19 November 2008

Welcome Carlitos Gillette

It's been a while. There were a couple of Ridden's windows knocked out and some graffiti tags on the west side of the building. Inside there was a pair of adult diapers and a full palette of indoor soccer balls. Also, bonobo feces and a Lance Crackers peanut butter-and-malt plastic wrapping.

Now this isn't about pointing fingers or asking anyone for money. But there needs to be a certain amount of recognition as to the level of commitment an operation like this entails. For just the price of a cup of coffee, a scone and a King-size Charleston Chew a day, you could finance both monkeys and typewriters via a low-risk annuity fund that in twenty years would produce more replica diplomas than you'd know what to do with.

Look, I'm not suggesting you run out and quit your job, leave your family and get subdermal gill vents. That's so 2012. What you want to do is draft a strongly worded letter wherein you politely suggest to your maker a physiological impossibility. I'm just saying.

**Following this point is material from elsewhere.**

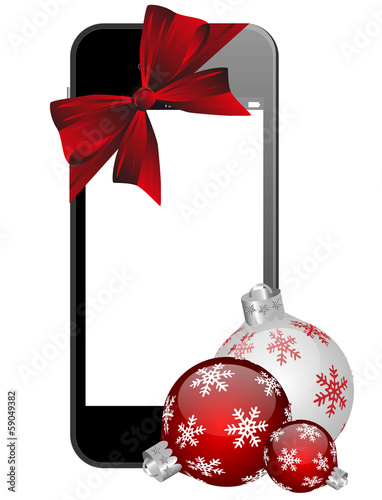 Handy mit Weihnachtskugeln und Schleife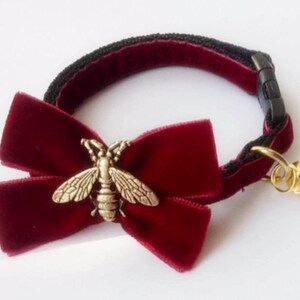May include: A red velvet cat collar with a gold bee charm and a bell. The collar has a black adjustable buckle.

Whoa, settle. The 80s references were fun but let's get real. Everyday's not sunshine and jerk chicken. Nor is it clacker balls and mentos...or even Wacky Wall Walkers. So screw your head on right and get your ass back in there! What you do with your elbows, kneecaps and phalangeal is your own business and not appropriate discourse in this forum.

1 comment:

revphil said...

Carlitos? shouldn't you be dodging traffic in Houston?